Only the lines of the data below from the one with "Philips TAT2100 Kopfhörer" through the one with "Госзаказ в частных" are wanted. Repeat them exactly.

* **Scraped caption text data**

——————

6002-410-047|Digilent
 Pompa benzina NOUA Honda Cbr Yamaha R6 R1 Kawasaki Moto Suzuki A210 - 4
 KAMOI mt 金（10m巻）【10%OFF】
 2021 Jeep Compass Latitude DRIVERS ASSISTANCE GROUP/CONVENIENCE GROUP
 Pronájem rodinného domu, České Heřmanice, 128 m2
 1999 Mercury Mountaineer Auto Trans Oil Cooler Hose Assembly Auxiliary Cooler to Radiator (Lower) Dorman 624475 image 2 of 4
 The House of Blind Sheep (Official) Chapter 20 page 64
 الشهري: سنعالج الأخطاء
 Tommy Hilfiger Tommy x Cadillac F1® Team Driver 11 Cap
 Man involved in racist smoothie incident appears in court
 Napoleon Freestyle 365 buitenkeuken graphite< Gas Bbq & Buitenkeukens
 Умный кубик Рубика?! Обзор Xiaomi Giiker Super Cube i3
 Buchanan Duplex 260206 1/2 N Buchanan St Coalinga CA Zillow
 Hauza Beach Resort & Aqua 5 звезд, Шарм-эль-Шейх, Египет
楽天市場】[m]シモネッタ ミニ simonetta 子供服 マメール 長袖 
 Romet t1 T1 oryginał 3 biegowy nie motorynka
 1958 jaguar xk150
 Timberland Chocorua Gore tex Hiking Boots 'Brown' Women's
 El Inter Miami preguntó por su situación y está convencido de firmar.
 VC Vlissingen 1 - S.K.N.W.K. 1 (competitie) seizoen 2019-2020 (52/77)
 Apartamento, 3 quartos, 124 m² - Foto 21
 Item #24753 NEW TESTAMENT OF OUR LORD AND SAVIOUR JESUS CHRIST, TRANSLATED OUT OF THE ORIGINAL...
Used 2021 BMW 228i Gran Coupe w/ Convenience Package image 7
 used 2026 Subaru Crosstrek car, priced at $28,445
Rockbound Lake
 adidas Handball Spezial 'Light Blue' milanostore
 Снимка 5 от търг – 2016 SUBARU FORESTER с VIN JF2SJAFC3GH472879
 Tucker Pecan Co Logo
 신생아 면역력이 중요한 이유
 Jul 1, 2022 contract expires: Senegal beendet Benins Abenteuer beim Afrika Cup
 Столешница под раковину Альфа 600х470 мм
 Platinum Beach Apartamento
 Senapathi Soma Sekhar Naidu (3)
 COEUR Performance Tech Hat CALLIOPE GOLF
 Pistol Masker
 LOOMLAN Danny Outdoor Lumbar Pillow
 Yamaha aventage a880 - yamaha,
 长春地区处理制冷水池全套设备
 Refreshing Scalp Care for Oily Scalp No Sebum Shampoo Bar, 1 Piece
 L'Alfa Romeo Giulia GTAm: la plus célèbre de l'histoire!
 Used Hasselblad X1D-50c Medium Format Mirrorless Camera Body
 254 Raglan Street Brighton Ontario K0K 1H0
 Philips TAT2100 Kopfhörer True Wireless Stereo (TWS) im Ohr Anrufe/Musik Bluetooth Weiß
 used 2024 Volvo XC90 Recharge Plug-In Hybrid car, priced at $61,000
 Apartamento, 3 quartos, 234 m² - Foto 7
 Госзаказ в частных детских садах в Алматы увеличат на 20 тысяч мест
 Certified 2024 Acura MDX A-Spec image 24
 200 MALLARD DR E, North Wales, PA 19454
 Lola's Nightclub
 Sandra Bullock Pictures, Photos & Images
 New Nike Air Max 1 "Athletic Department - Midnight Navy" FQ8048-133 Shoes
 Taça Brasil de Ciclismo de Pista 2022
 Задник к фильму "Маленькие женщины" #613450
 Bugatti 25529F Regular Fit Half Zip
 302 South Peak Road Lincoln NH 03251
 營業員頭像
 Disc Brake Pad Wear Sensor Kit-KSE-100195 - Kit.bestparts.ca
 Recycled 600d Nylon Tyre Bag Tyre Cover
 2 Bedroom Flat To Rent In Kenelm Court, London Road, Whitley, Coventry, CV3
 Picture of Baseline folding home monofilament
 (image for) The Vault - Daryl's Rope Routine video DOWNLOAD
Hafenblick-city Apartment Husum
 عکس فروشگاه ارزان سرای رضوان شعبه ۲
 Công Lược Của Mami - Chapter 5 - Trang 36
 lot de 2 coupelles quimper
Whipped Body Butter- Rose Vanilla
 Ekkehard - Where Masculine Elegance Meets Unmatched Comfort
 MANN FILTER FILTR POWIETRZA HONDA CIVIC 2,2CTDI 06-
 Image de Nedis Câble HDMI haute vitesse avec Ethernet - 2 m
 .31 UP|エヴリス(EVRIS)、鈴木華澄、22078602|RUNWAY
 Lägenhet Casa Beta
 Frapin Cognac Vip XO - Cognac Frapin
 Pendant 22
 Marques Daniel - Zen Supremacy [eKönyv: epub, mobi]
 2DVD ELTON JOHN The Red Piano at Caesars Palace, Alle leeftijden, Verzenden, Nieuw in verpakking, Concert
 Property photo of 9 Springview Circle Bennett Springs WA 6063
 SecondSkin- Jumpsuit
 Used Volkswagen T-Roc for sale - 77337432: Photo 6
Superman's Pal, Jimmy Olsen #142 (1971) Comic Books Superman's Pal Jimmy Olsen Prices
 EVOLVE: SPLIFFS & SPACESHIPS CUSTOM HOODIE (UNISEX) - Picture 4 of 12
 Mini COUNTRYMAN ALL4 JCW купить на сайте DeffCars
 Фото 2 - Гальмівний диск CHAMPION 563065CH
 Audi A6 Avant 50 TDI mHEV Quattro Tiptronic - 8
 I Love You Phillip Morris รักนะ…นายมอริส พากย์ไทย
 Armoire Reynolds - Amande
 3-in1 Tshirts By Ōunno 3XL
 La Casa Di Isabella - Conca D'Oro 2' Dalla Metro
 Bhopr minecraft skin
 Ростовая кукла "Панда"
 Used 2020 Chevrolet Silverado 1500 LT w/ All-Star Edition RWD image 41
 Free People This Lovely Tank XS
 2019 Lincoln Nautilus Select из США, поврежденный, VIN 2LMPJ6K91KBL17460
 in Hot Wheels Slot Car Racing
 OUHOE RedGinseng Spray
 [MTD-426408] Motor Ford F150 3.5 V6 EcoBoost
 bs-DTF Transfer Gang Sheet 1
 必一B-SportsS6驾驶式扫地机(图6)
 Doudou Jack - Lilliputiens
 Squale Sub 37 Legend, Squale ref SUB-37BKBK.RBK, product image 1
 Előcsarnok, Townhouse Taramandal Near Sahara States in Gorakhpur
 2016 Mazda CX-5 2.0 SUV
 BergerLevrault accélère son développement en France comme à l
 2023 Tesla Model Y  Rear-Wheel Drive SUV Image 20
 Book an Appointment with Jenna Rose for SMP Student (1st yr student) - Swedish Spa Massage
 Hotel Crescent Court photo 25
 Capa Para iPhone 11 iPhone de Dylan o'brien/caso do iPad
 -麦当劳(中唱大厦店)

——————

* **Solved problem**
 Philips TAT2100 Kopfhörer True Wireless Stereo (TWS) im Ohr Anrufe/Musik Bluetooth Weiß
 used 2024 Volvo XC90 Recharge Plug-In Hybrid car, priced at $61,000
 Apartamento, 3 quartos, 234 m² - Foto 7
 Госзаказ в частных детских садах в Алматы увеличат на 20 тысяч мест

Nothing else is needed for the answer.